A friend shared this with me. This is a great video. He sounds like a great teacher and I agree with every single thing he said up until 7:13, when he mentioned learning styles… learner-centeredness – giving learners choices that match their preferences for engaging in a specific learning activity, or for demonstrating their learning is not “learning styles,” and is NOT evidence of the existence of “learning styles” – It is giving learners a choice.

Providing choices does not mean that there is a “theory” of learning styles on which this is based.

Providing learners with choices is an excellent learner-centered pedagogical approach.

Children and people will CHOOSE different ways to consume information and demonstrate learning and understanding depending on lots of things – how old they are, what the thing is that they are learning, etc. When they are 6 they will choose differently than when they are 16. When they learn French they will likely have different preferences than when they learn baseball.
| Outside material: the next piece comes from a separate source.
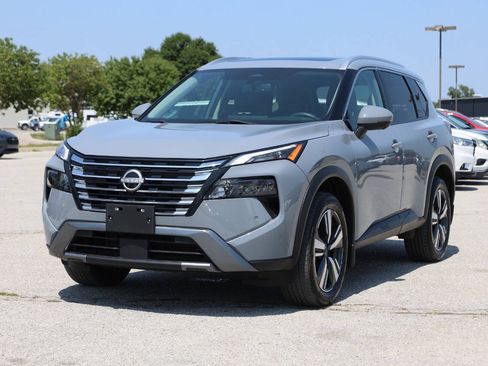 Used 2024 Nissan Rogue SL w/ SL Premium Package AWD/4WD image 6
The effectiveness of giving learners choices is not evidence of learning styles. It is a preference expressed at a given time under certain conditions.

“Learning styles” as a “theory” does not hold up. The conventional wisdom of noticing that people have learning preferences is not evidence of “learning styles.”

We all have different ways we “prefer” to consume content, information, and learn things at different times.

Learning styles as an idea chimes well with the individualist value system of our culture and fits its dominant, entity, model of human attributes but there is no credible evidence that it is a valid basis for pedagogical decision-making.

https://www.researchgate.net/…/The-Status-of-Education…

There is no credible research or evidence to support the notion of “learning styles” as an immutable inherent human characteristic regardless of what anyone believes.

Learning styles is not a theory, it is a model and a hypothesis for which there is no evidence.  And while absence of evidence does not prove a thing does not exist, it is currently flawed and inadequate.

July 17

Online Class Size

Online class size is complex question. Student learning needs vary by educational level, demographic characteristics, level and complexity of the subject/discipline, faculty teaching methods, and university policies. All this impacts the optimal number for course enrollment. Student competencies, faculty preparation, learning/teahiching expectations, and pedagogical variations bring additional confounding complexities to the determination of class size and the impact on faculty workload.

If my online course were to have 95 students, it would probably kill me and my husband would definitely leave me. My graduate-level course is not designed for 95 students. It is more of a seminar designed optimally for 10-12 learners. It is high touch and relies on lots of interaction and projects, with lots personalized/individualized audio and video feedback. But, I have taught the same course as a professional development workshop with 78+ students… it was a totally different experience –Same content, but activities, interaction, expectations, and my involvement and feedback were different.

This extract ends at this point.